DATA FOR REVIEW -
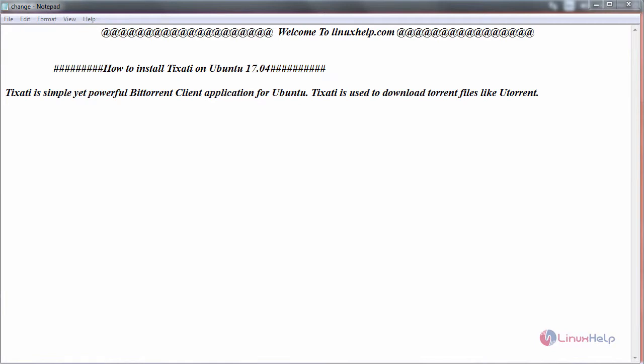Hello everyone, welcome to linuxhelp.com. Today we are going to see how to install Tixati on Ubuntu 17.04. Tixati is a simple yet powerful BitTorrent client application for Ubuntu. It is used to download torrent files like uTorrent. Now let us see the installation. First, switch to your terminal.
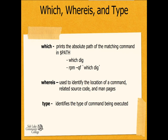The whereis command is used to identify the location of a command and its man pages. It's very similar to the which command, but it also provides information about the man pages. And then the type command identifies the type of command being executed. That also has an alternate use when creating aliases on the file system.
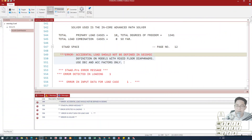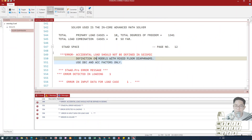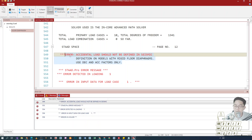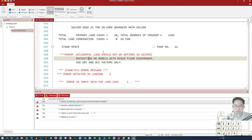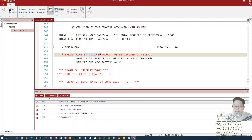Hey guys, this was the error obtained after fixing the error about SNIP 2011 version. It says here: accidental load should not be defined in seismic definition on a model with rigid diaphragm. So it's all about the presence of rigid diaphragm and the input about accidental load — that's what we need to fix in our model.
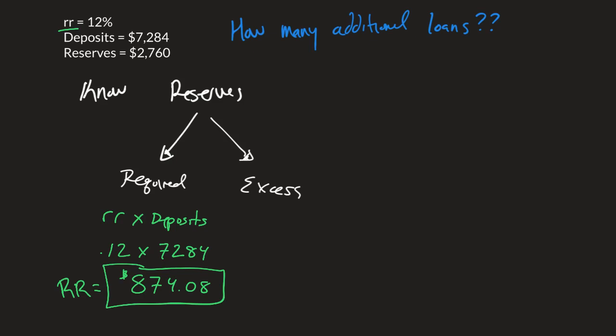Well, what are the excess reserves? The excess reserves must be all the reserves minus the required reserves. And what's left over will be the excess reserves.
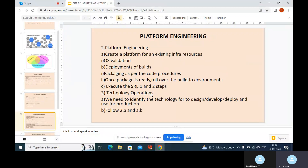For technology operations, we need to identify the technology in which we are going to create the infrastructure, and handle remaining validations like deployments, builds, and packaging. It identifies the technology to design, develop, and deploy our applications into production. We also need to follow the platform engineering steps after technology operations. These are all associated with DevOps — DevOps engineers collaborate with other teams to communicate and solve any issues that arise.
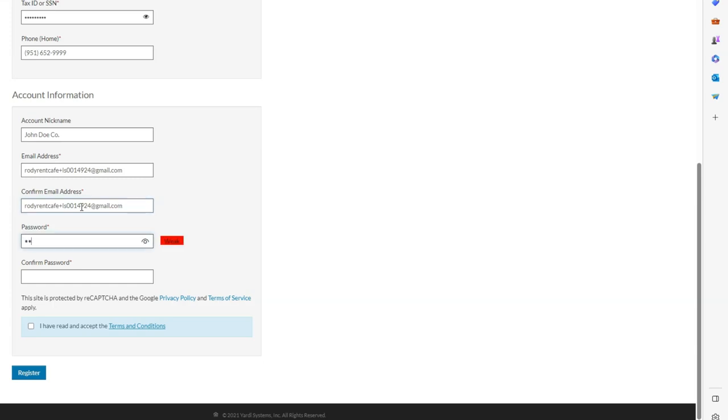After your account information, click the box next to I have read and accept the terms and conditions.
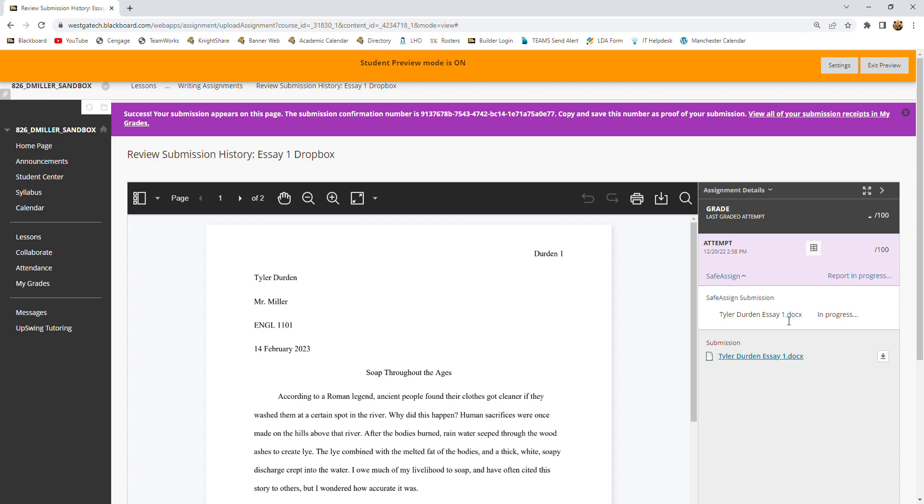And you'll be able to look and see where you are as far as your originality, whether you've accidentally plagiarized and things like that. You can take a look at that SafeAssign submission report that I will see as well, and see if there's any adjustments that you need to make.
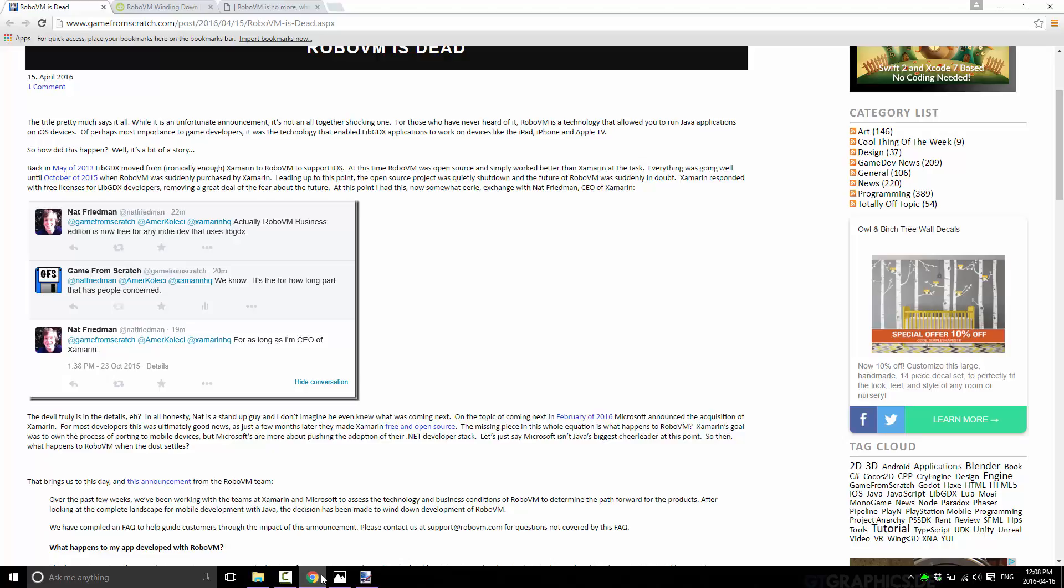Now, RoboVM obviously is used outside of gaming, but being Game From Scratch, I'm obviously more concerned with the gaming side of things. And we've got a little bit of history here.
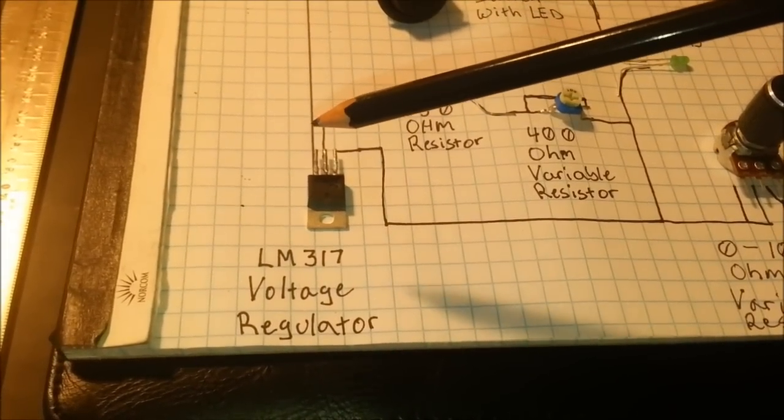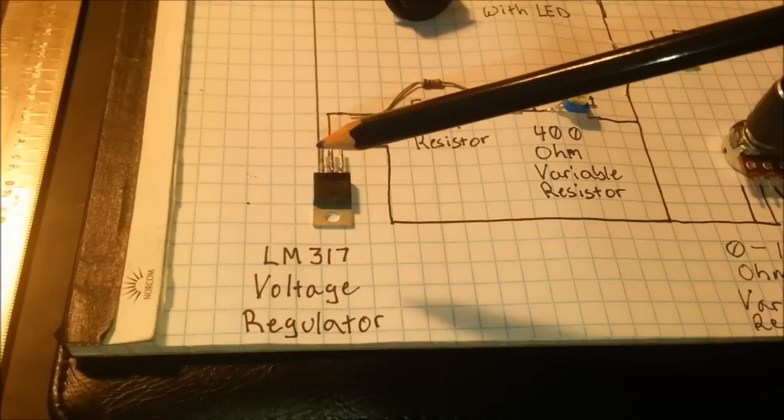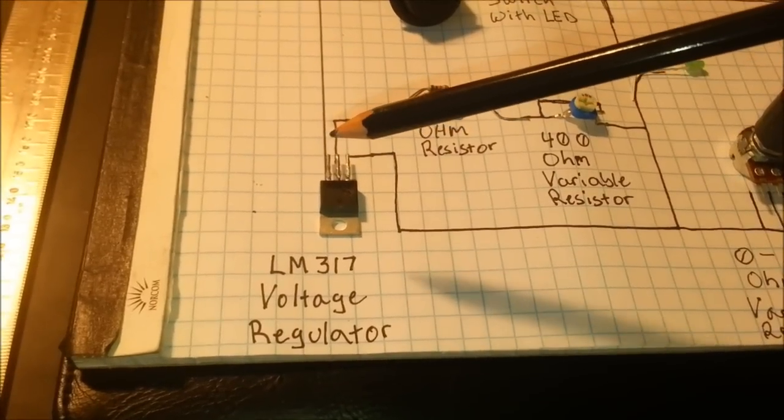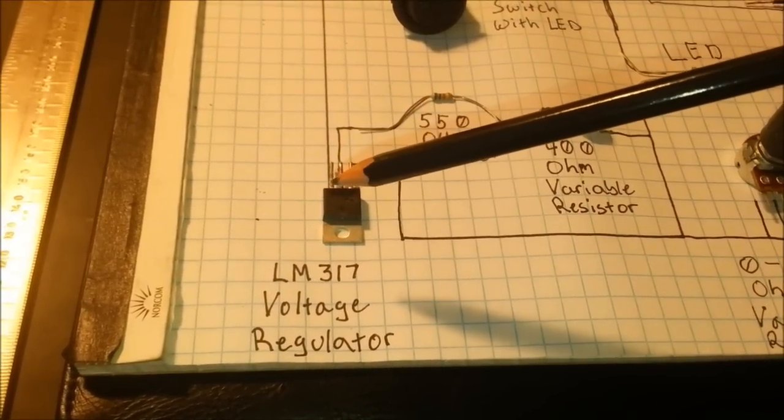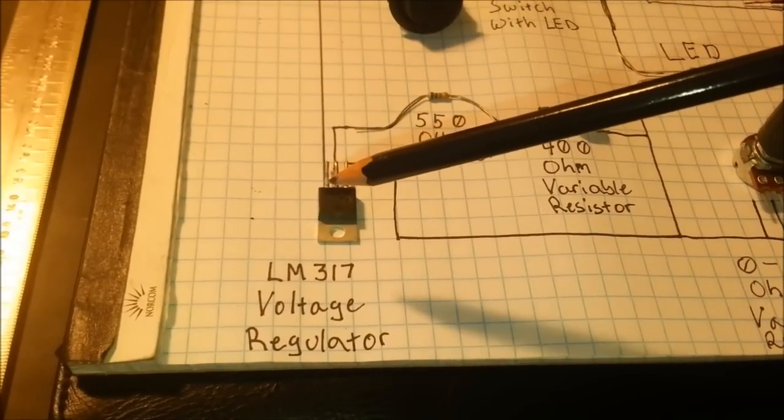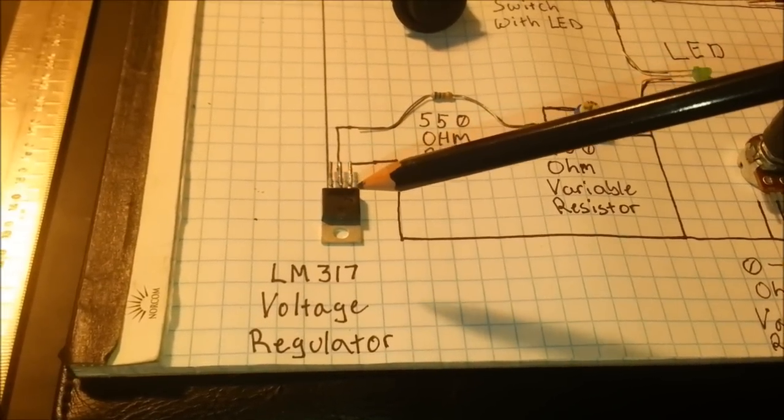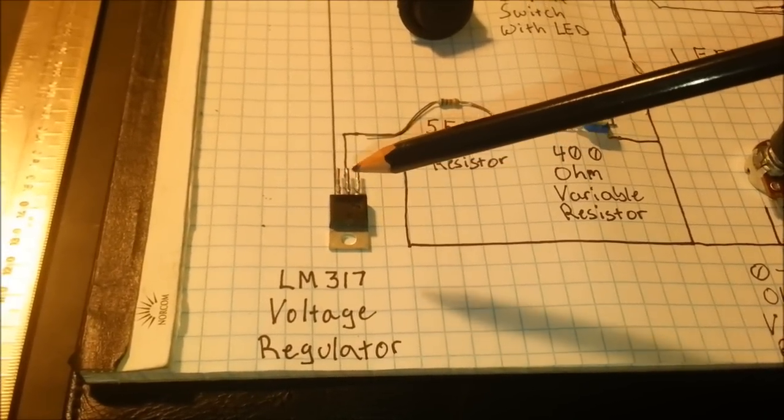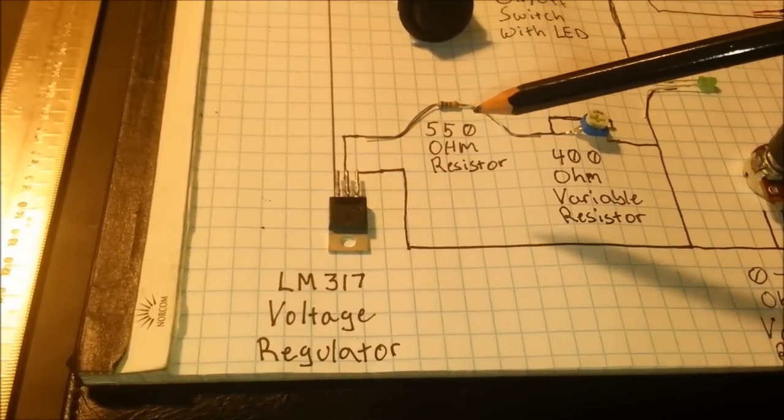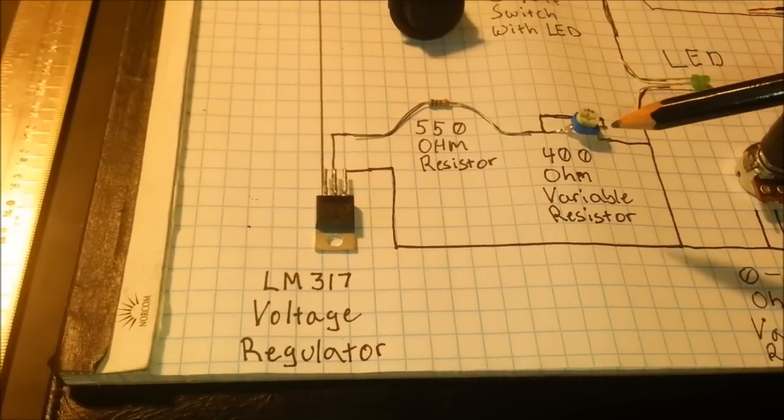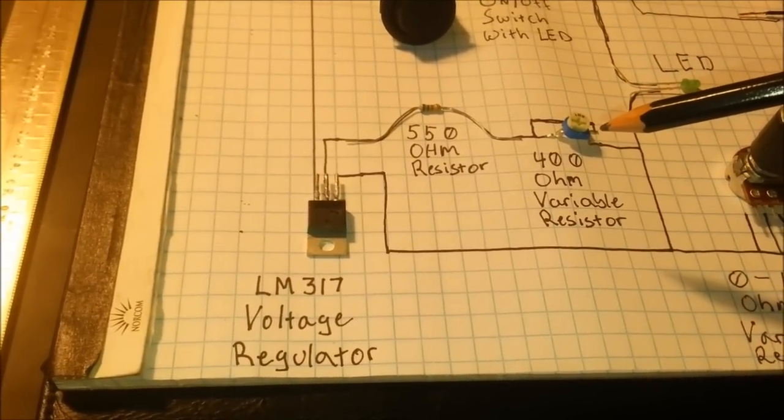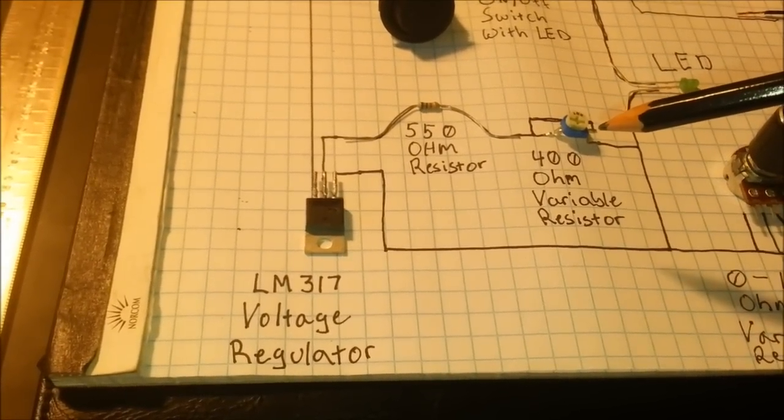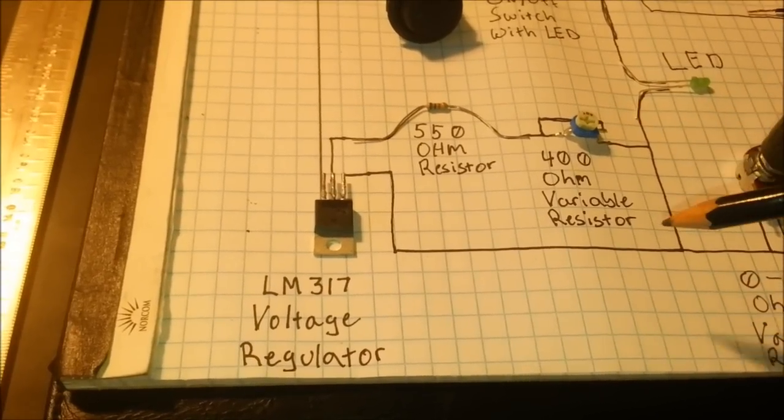So then you come down to your LM317 voltage regulator, which we're going to make it into a current regulator. Power goes into pin 3. I've got it upside down, so that's actually pin 3 right there. In the middle pin you're going to use a 550 ohm resistor, and then you're going to go to a 400 ohm variable resistor. You're going to use that to set your current.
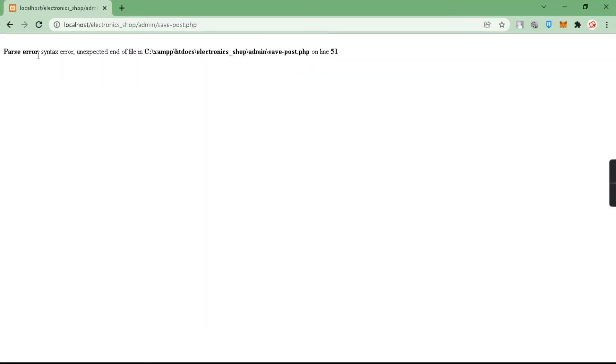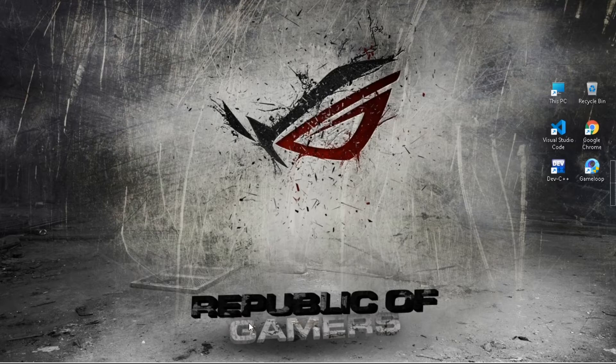In my page I got this error: syntax error, unexpected end of file in line number 51.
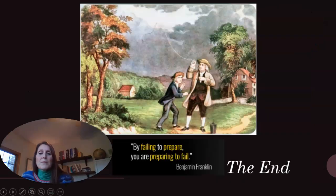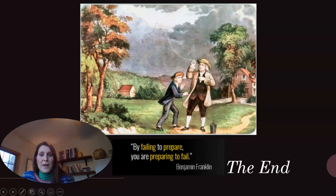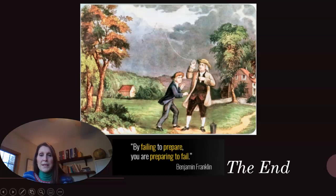So there we come to the end. By failing to prepare, you are preparing to fail. Thank you for joining me today, and I will continue on with the lesson in class.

WHAT YOU HAVE TO DO - Are you able to set down all the lines above exactly, without any pictures?

RESPONSE AREA -
Hello everyone, welcome to linuxhelp.com. Today we are going to see how to install Tixati on Ubuntu 17.04. Tixati is a simple yet powerful BitTorrent client application for Ubuntu. It is used to download torrent files like uTorrent. Now let us see the installation. First, switch to your terminal.
The whereis command is used to identify the location of a command and its man pages. It's very similar to the which command, but it also provides information about the man pages. And then the type command identifies the type of command being executed. That also has an alternate use when creating aliases on the file system.
Hey guys, this was the error obtained after fixing the error about SNIP 2011 version. It says here: accidental load should not be defined in seismic definition on a model with rigid diaphragm. So it's all about the presence of rigid diaphragm and the input about accidental load — that's what we need to fix in our model.
Well, what are the excess reserves? The excess reserves must be all the reserves minus the required reserves. And what's left over will be the excess reserves.
For technology operations, we need to identify the technology in which we are going to create the infrastructure, and handle remaining validations like deployments, builds, and packaging. It identifies the technology to design, develop, and deploy our applications into production. We also need to follow the platform engineering steps after technology operations. These are all associated with DevOps — DevOps engineers collaborate with other teams to communicate and solve any issues that arise.
After your account information, click the box next to I have read and accept the terms and conditions.
And you'll be able to look and see where you are as far as your originality, whether you've accidentally plagiarized and things like that. You can take a look at that SafeAssign submission report that I will see as well, and see if there's any adjustments that you need to make.
Now, RoboVM obviously is used outside of gaming, but being Game From Scratch, I'm obviously more concerned with the gaming side of things. And we've got a little bit of history here.
So then you come down to your LM317 voltage regulator, which we're going to make it into a current regulator. Power goes into pin 3. I've got it upside down, so that's actually pin 3 right there. In the middle pin you're going to use a 550 ohm resistor, and then you're going to go to a 400 ohm variable resistor. You're going to use that to set your current.
In my page I got this error: syntax error, unexpected end of file in line number 51.
So there we come to the end. By failing to prepare, you are preparing to fail. Thank you for joining me today, and I will continue on with the lesson in class.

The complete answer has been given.